At a summit in the Slovak capital, Bratislava, the 27 leaders - minus British premier Theresa May - are trying to paper over the cracks and come up with a to-do list for the bloc for next six months, ahead of its 60th anniversary in March.
Donald Tusk, the ex-Polish premier who chairs EU summits, said it was time to have a “sober and brutally honest assessment of the situation” following Brexit, and to draw up “an optimistic scenario for the future”.
The Taoiseach is trying to weave a fine diplomatic line on Brexit, wanting to remain close to the EU but not sever ties with the UK once it leaves, particularly on trade and border issues.
He said he had been “at pains now to point out our unique and critical position here in being the closest country to the United Kingdom” and at the same time “being a very strong supporter and a committed member of the European Union”.
But Ireland will struggle to find its place in a post-Brexit EU where fault lines are already opening up over defence and border control.
France, Germany and the European Commission have come out in favour of a quasi-European army with shared assets and a single military headquarters.
While Lithuanian president Dalia Grybauskaitė said she “never heard somebody is proposing to create a European army”, French president François Hollande said Europe needed to be able to defend itself and not continue to rely on the US.
“There is no continent, there is no union if there is no defence of our values and interests,” he said. “France is making a major effort in terms of European defence, but she can’t do it alone.”
The Taoiseach said Ireland would continue to “contribute” to a common European defence policy, as it has done, “taking into account the red line issues we have in terms of neutrality”.
Ireland’s place in the bloc has also been compromised by the government’s decision to appeal the Commission’s Apple tax ruling, which has elicited much bafflement around the summit table.
While he said he would not bring Apple up at the meeting, the Taoiseach said “there may be some discussions about red line issues that countries feel they have to deal with”.
“Tax is a matter of national competence, that's enshrined in the European treaties,” he said on his way into the summit on Friday morning.

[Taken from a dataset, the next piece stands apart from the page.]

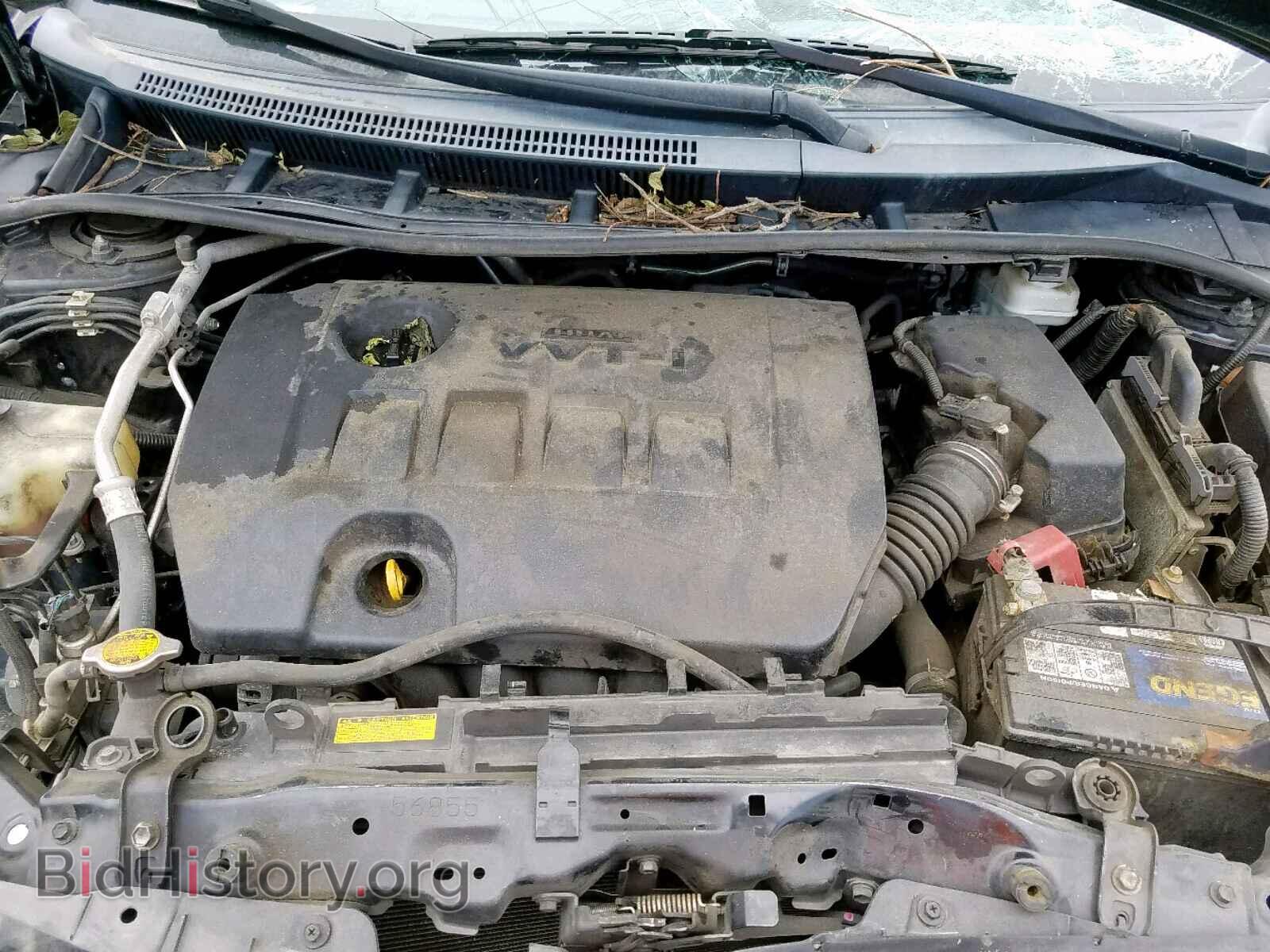 2011 TOYOTA COROLLA - VIN: 2T1BU4EEXBC572095 - Photo 7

“We consider it to be an intrusion into tax competence, which is not a matter for the European Commission,” he said of the Commission’s 30 August Apple decision.
"They are fully entitled to do their assessments in terms of state aid, but we believe they’ve crossed the line here to use state aid regulations as a measure of getting Ireland to become a global tax collector,” he added.
Meanwhile, southern European states, led by Greece, are trying to push an economic agenda, which Greek prime minister Alexis Tsipras called “a social Europe, with growth, employment and prosperity for all of its people”.
“What Europe should not do is to continue sleepwalking in the wrong direction,” Mr Tsipras said.